Data listing:
□ □ □

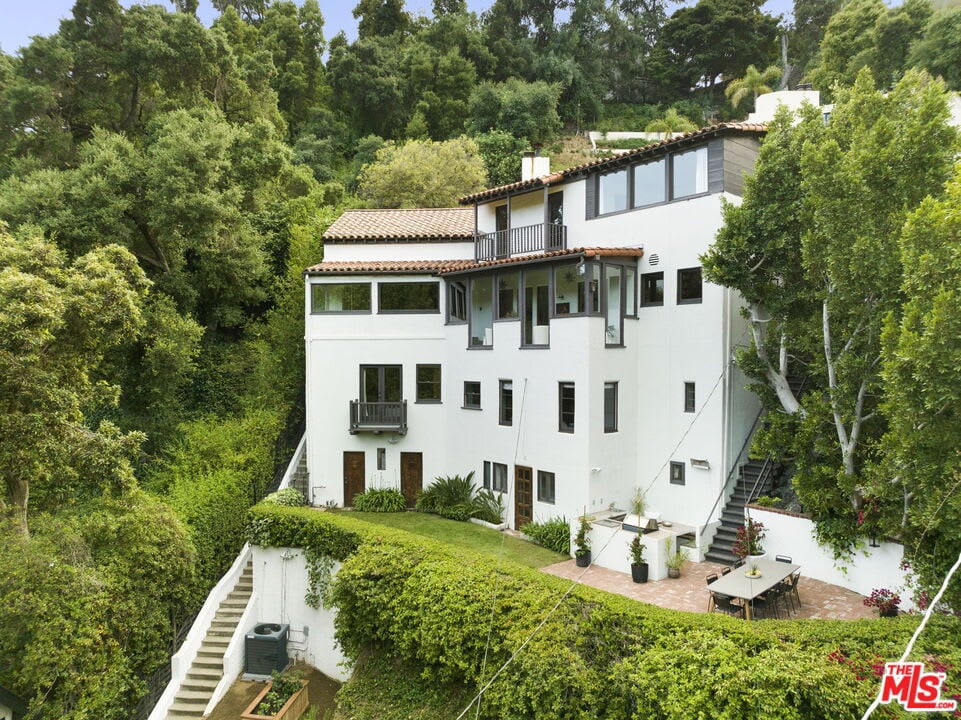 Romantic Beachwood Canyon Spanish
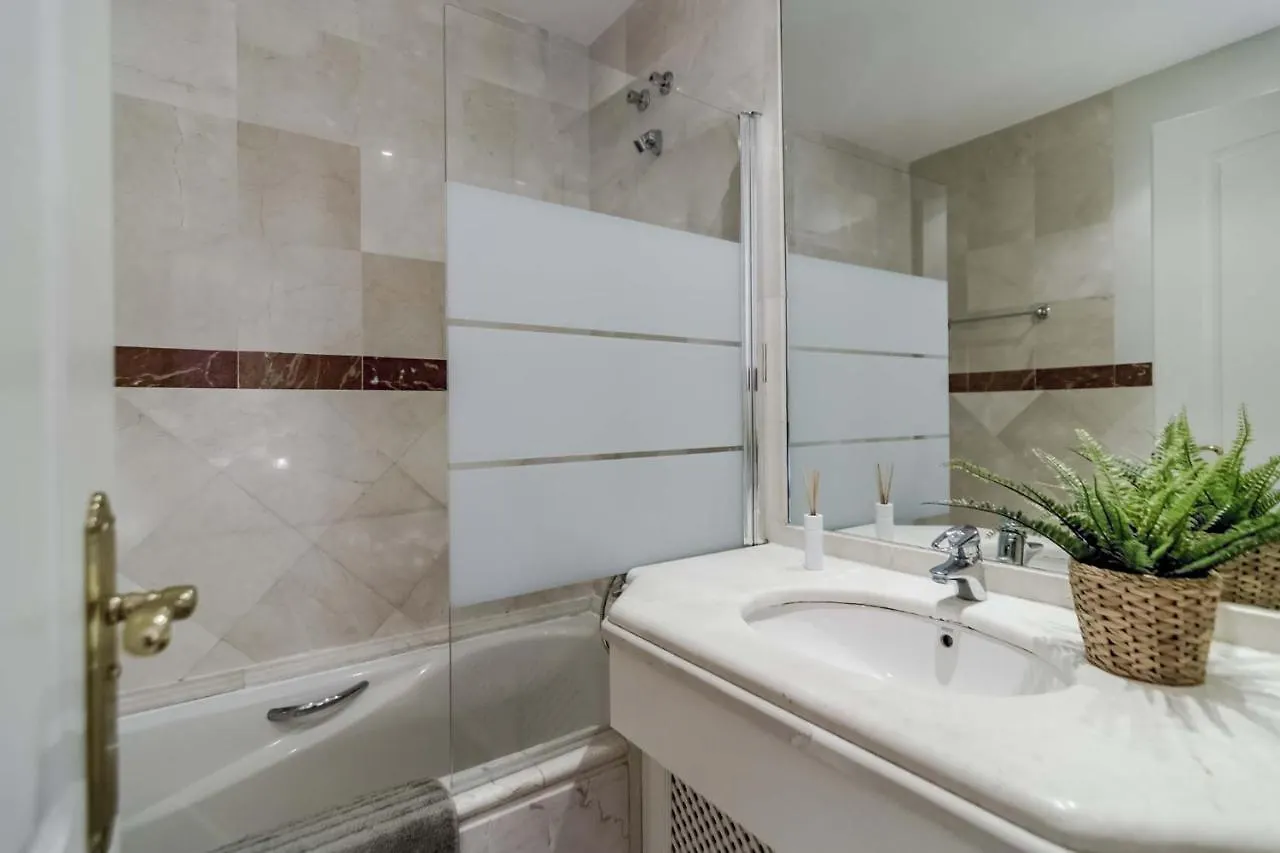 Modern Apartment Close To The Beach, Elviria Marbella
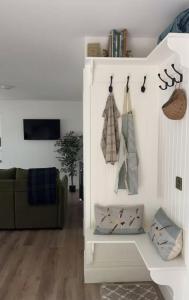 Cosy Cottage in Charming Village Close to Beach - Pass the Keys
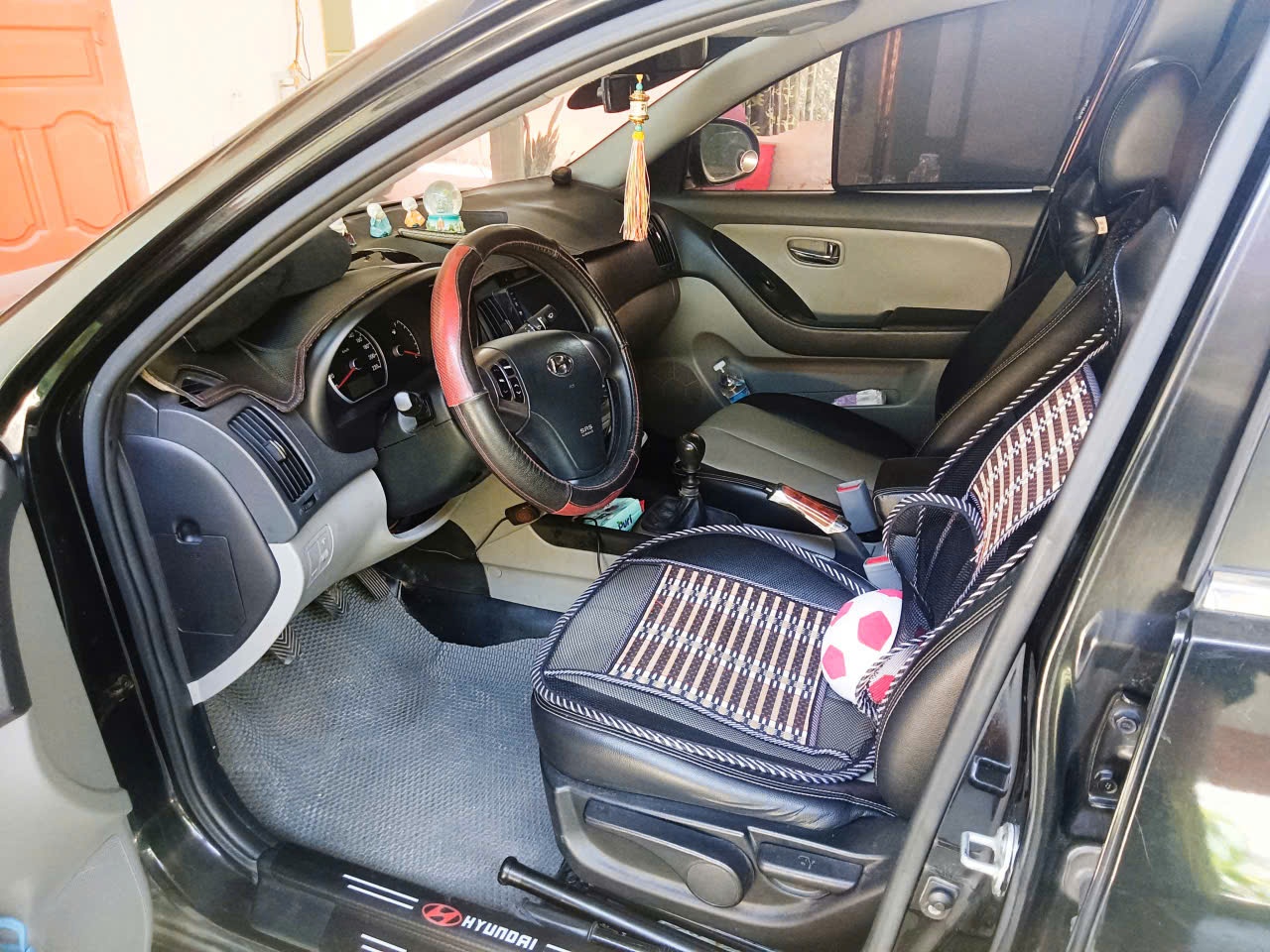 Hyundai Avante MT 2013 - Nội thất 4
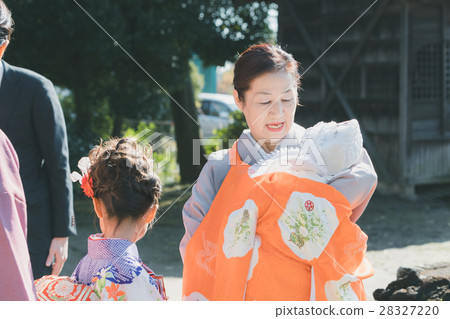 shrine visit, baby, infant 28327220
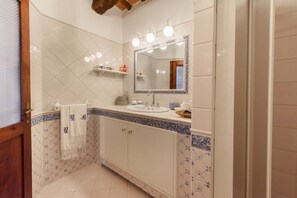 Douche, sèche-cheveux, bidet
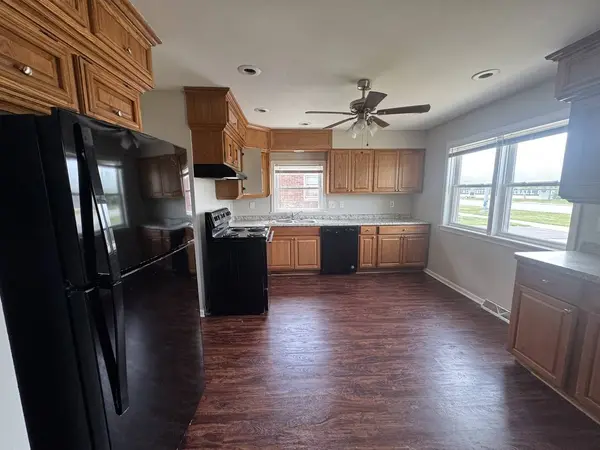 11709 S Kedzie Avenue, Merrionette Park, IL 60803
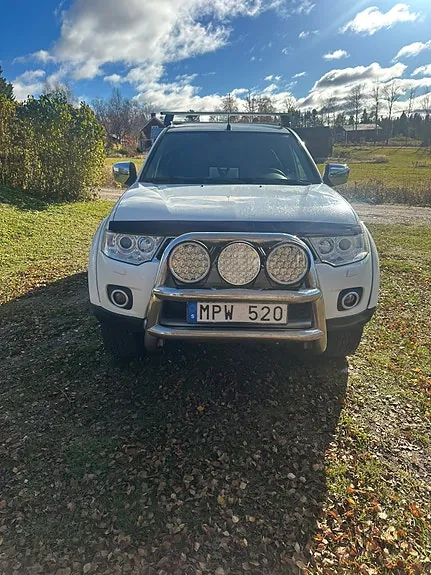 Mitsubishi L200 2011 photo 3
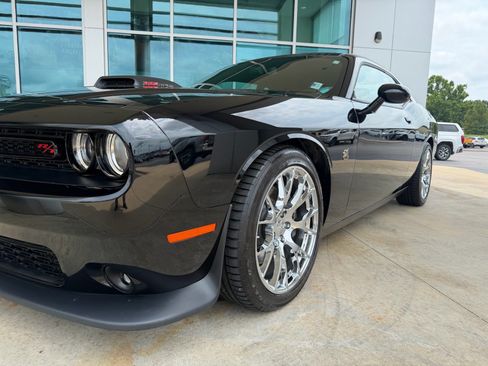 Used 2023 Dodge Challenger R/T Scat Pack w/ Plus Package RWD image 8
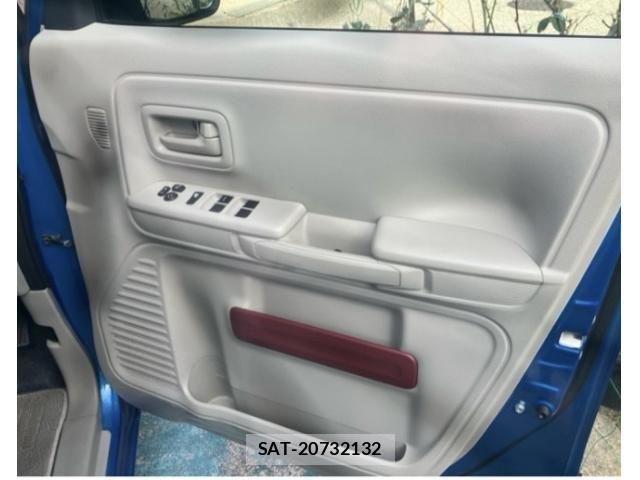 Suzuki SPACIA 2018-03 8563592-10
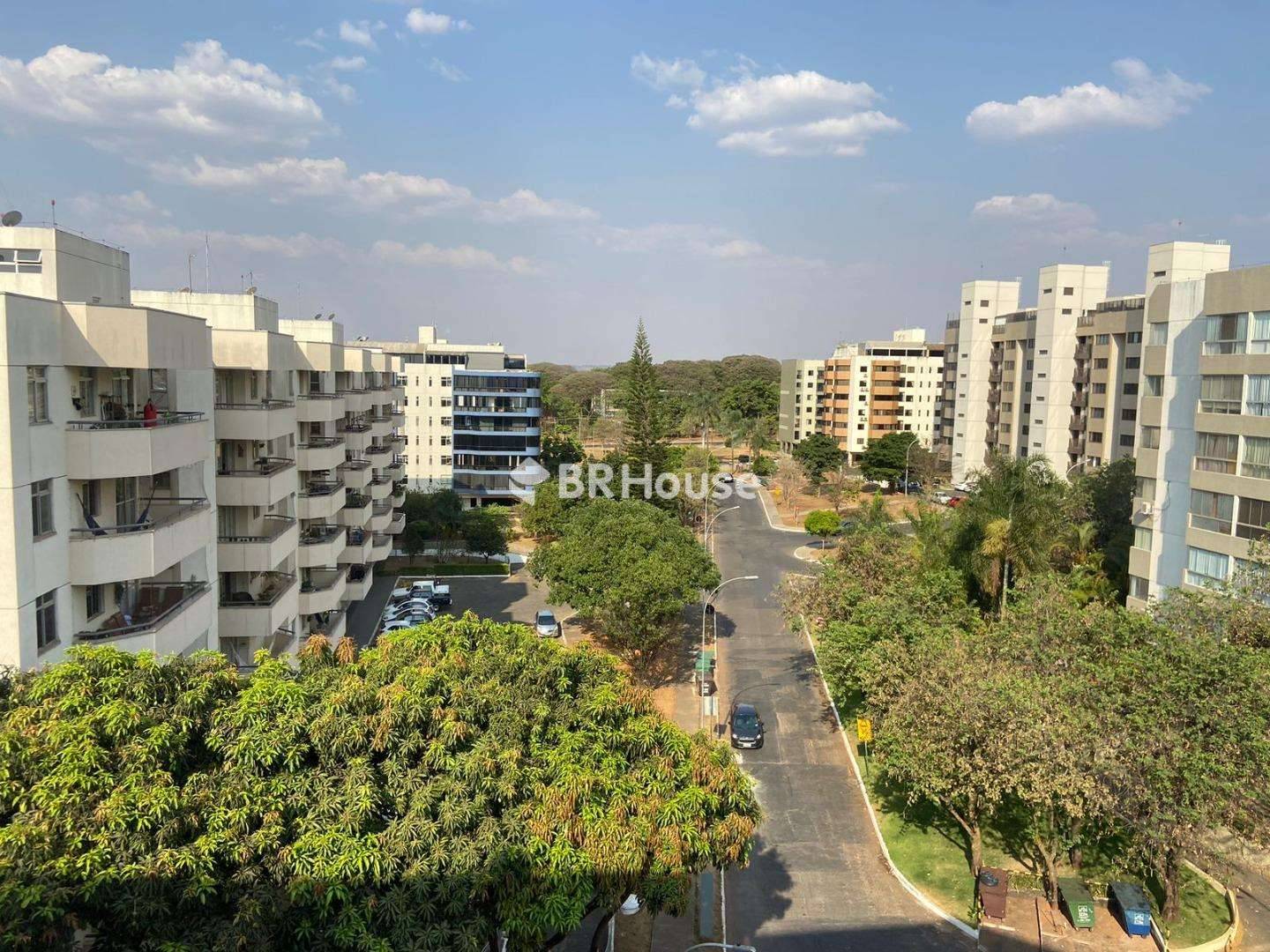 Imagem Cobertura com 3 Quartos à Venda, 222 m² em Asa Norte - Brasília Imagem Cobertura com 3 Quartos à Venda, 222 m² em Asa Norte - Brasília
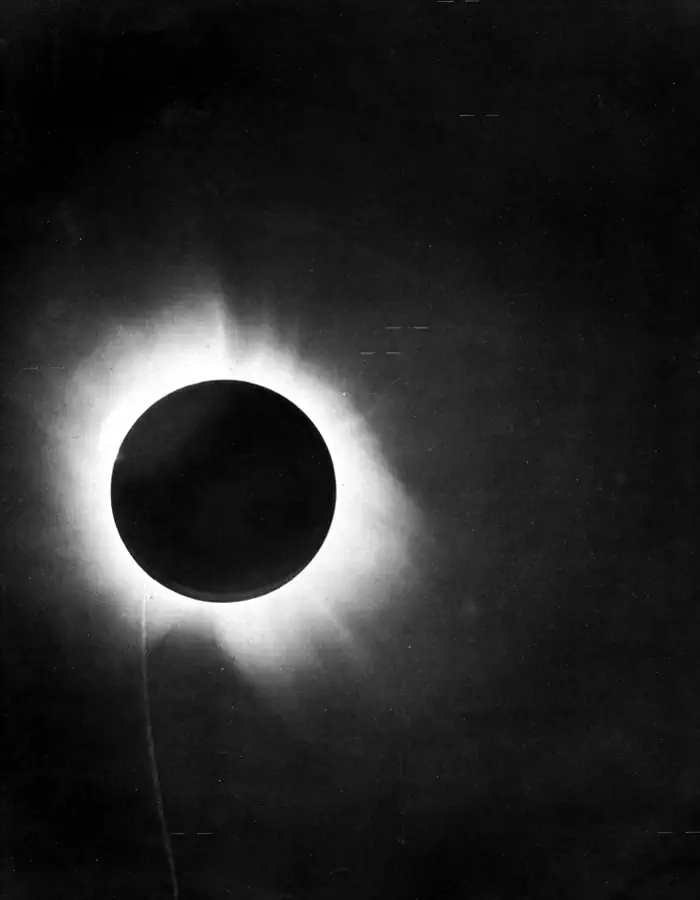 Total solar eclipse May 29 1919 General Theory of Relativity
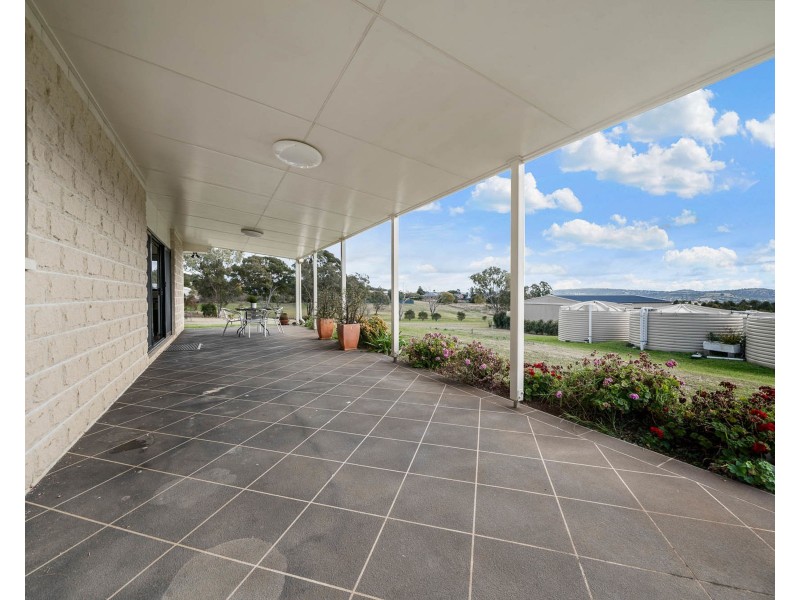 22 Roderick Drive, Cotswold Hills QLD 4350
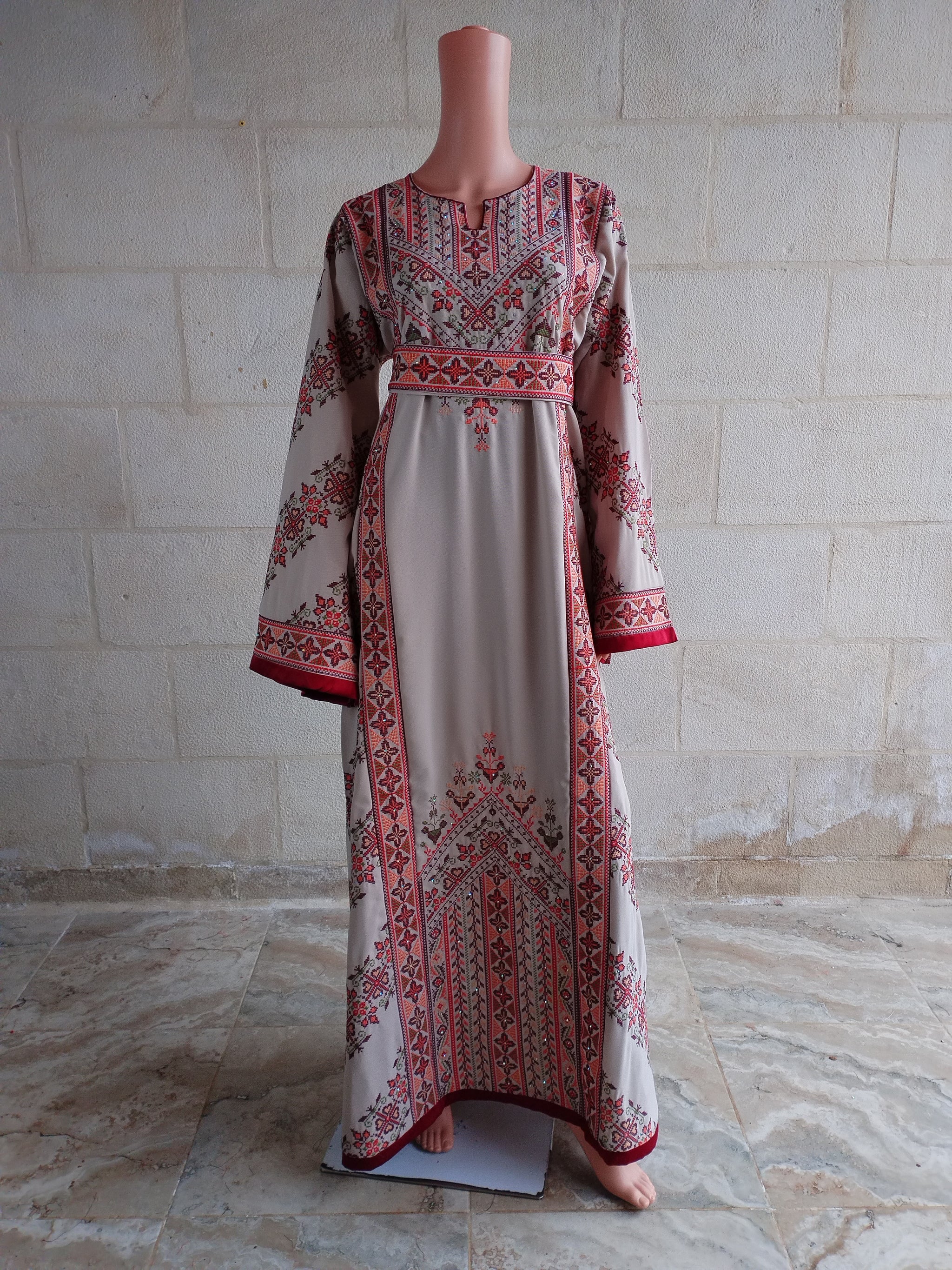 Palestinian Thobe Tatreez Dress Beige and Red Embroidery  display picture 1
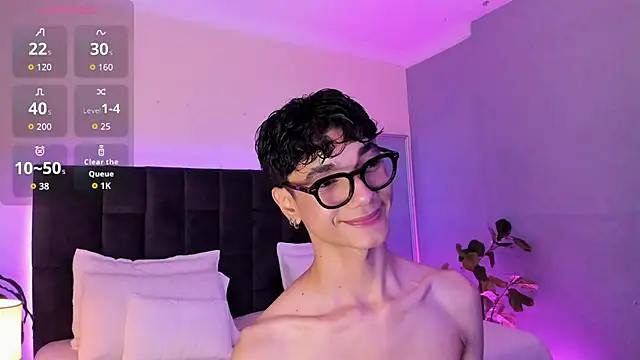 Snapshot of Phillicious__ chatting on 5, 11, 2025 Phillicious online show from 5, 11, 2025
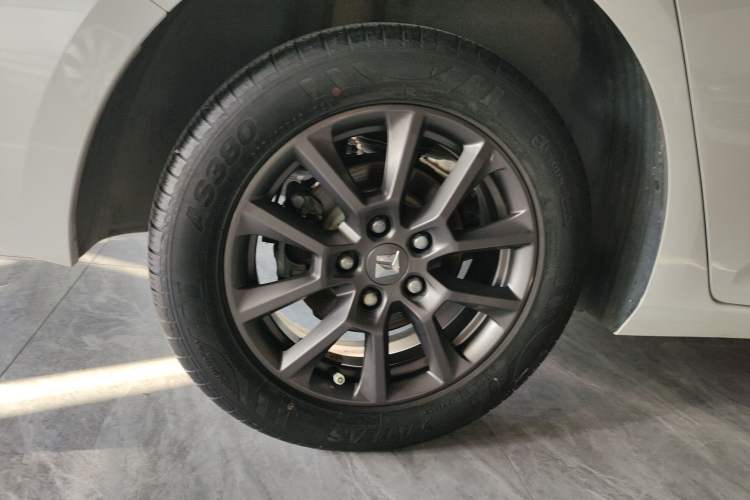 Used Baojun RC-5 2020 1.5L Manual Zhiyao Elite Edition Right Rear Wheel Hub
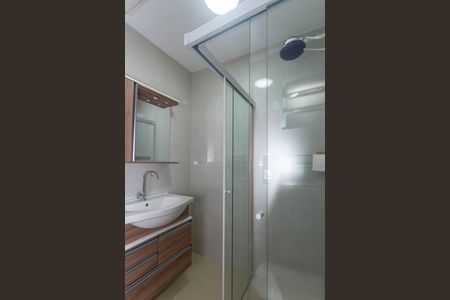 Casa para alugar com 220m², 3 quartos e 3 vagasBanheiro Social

□ □ □

Your assignment: Please copy exactly the lines from the one containing "Suzuki SPACIA 2018-03 8563592-10" through the last line of the records above, both included, and leave out any pictures.

Response:
 Suzuki SPACIA 2018-03 8563592-10
 Imagem Cobertura com 3 Quartos à Venda, 222 m² em Asa Norte - Brasília Imagem Cobertura com 3 Quartos à Venda, 222 m² em Asa Norte - Brasília
 Total solar eclipse May 29 1919 General Theory of Relativity
 22 Roderick Drive, Cotswold Hills QLD 4350
 Palestinian Thobe Tatreez Dress Beige and Red Embroidery  display picture 1
 Snapshot of Phillicious__ chatting on 5, 11, 2025 Phillicious online show from 5, 11, 2025
 Used Baojun RC-5 2020 1.5L Manual Zhiyao Elite Edition Right Rear Wheel Hub
 Casa para alugar com 220m², 3 quartos e 3 vagasBanheiro Social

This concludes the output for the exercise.